Auf die Universität kamen zunächst wenig Frauen. Der Anteil der Studentinnen an den Hochschulen war mit 10 % der jährlichen Neuimmatrikulationen quotiert. Doch als während des Krieges viele Studenten an die Front mußten, füllten sich die Universitäten mit Studentinnen. Ihr Anteil stieg auf 50 % im Wintersemester 1943/44. [170] Aus leitenden Stellen im Unterrichts- und Erziehungswesen wurden Frauen allerdings verdrängt. Die Regierung verhängte sogar ein Berufsverbot für Juristinnen. Daß das kleine bißchen Frauenemanzipation im „Dritten Reich“ ungewollt war, wurde auch in Hitlers Stellung zu den Löhnen deutlich. Die Forderung der DAF „Gleicher Lohn für gleiche Leistung“ lehnte Hitler in Bezug auf die Frauen wiederholt ab.

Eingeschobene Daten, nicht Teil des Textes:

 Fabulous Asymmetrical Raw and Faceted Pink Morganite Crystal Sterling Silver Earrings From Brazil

Volksgemeinschaft und Klassengesellschaft

Neben den genannten Maßnahmen war der Reichsarbeitsdienst das zentrale Mittel zur volksgemeinschaftlichen Erziehung. Hierl, der Führer des Arbeitsdienstes, erläuterte es folgendermaßen: „Es gibt kein besseres Mittel, die soziale Zerklüftung, den Klassenhaß und den Klassenhochmut zu überwinden, als wenn der Sohn des Fabrikdirektors und der junge Fabrikarbeiter (…) im gleichen Rock bei gleicher Kost den gleichen Dienst tun als Ehrendienst für das ihnen allen gemeinsame Volk und Vaterland.“ [171] Der Arbeitsdienst stellte eine Verstärkung der Ausbeutung dar und eine Form von Zwangsarbeit. Viele Arbeiterjugendliche erfüllte es aber mit Genugtuung, daß die Bürgerkinder zum ersten Mal auch mit zupacken mußten.

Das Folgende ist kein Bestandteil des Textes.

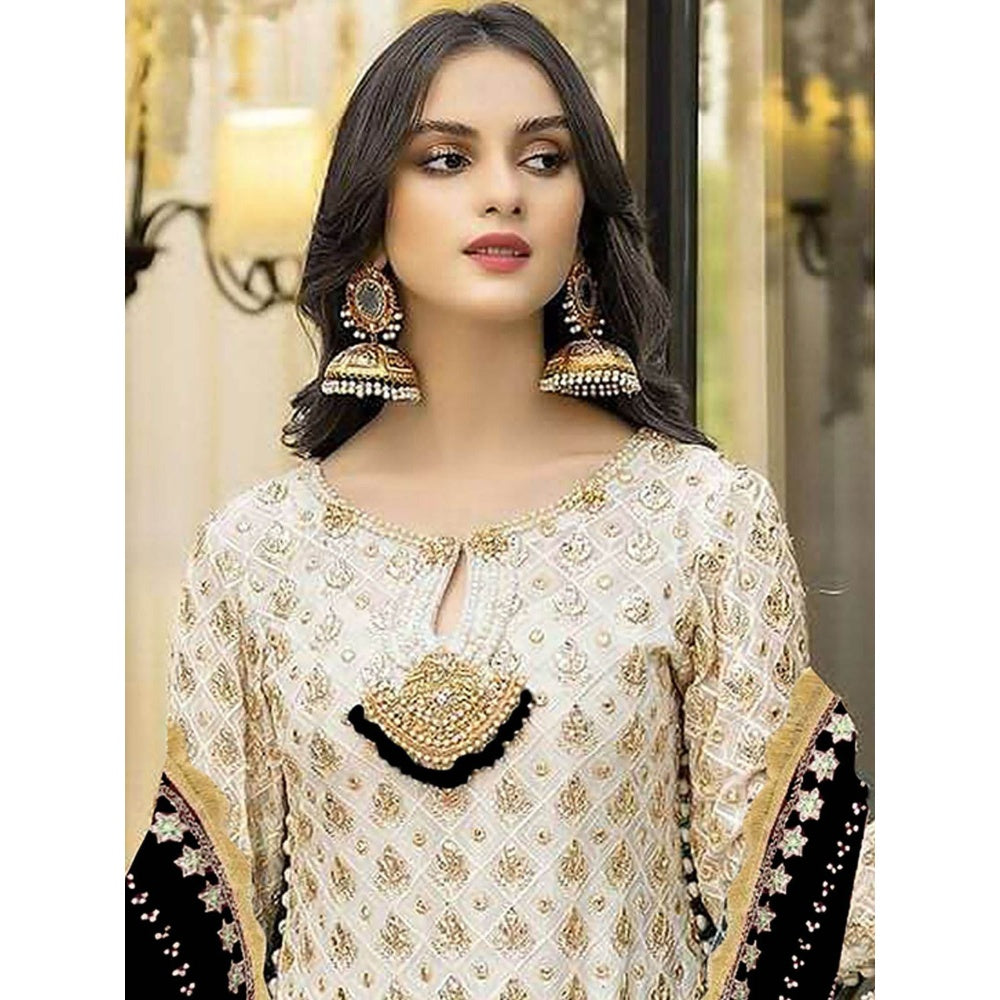 Odette Black & Cream Embroidered Semi Stitched Kurta with Bottom & Dupatta (Set of 3)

RAD, NAPOLA und der soziale Aufstieg von Millionen Deutschen schien für viele die Idee der klassenübergreifenden Volksgemeinschaft Wirklichkeit werden zu lassen. Trotz des Abbaus der Standesschranken blieb die Klassengesellschaft weiter bestehen. Die Kapitalisten machten die Gewinne und blieben, wenn auch mit kleinen Einschränkungen, Herr im Betrieb. Die Proletarier und Bauern wurden weiter ausgebeutet. Handwerker blieben rückständige Kleinproduzenten und die Junker adelige Großgrundbesitzer. Alle Beteiligten wußten das auch. Nur gelang es dem Nationalsozialismus, durch eine feinfühlige Politik einen stabilen Kompromiß zwischen den Klassen herbeizuführen und damit die direkte Klassenkonfrontation der Weimarer Republik zu beenden. Alle, die versuchten, den Klassenkampf in alter Form neu zu beleben, wurden brutal verfolgt und landeten im KZ. Doch die Zustimmung der breiten Massen zum neuen Regime litt darunter nicht. Mögen auch viele den Terror mißbilligt haben, in den Widerstand traten sie deswegen nicht, in dem festen Glauben, der Nationalsozialismus verwirkliche ihre unmittelbaren sozialen Interessen.